### INFORMATION PROVIDED
========================================

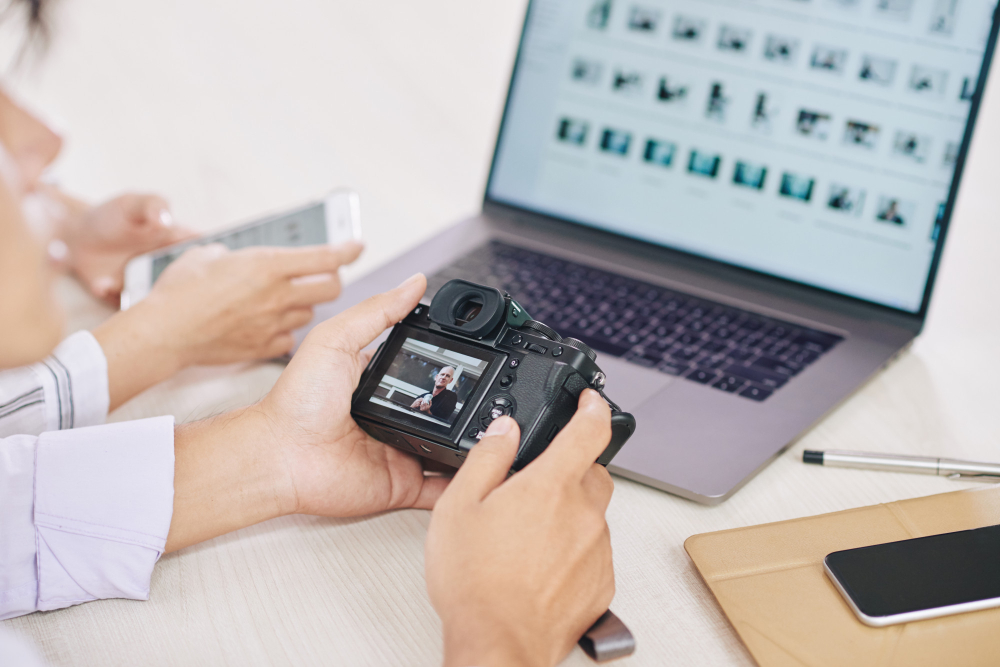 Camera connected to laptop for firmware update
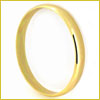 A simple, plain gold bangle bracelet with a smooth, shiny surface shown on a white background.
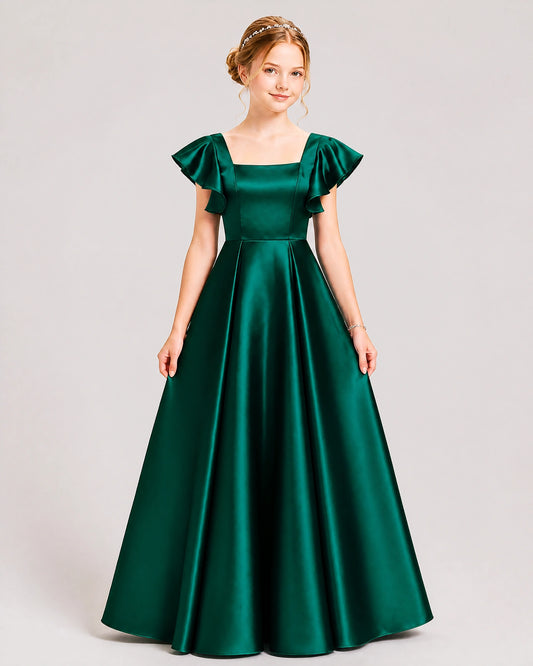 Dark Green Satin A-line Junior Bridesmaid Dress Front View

========================================

From the first line to the last, set down the data exactly, without the pictures.

### RESULT
 Camera connected to laptop for firmware update
 A simple, plain gold bangle bracelet with a smooth, shiny surface shown on a white background.
 Dark Green Satin A-line Junior Bridesmaid Dress Front View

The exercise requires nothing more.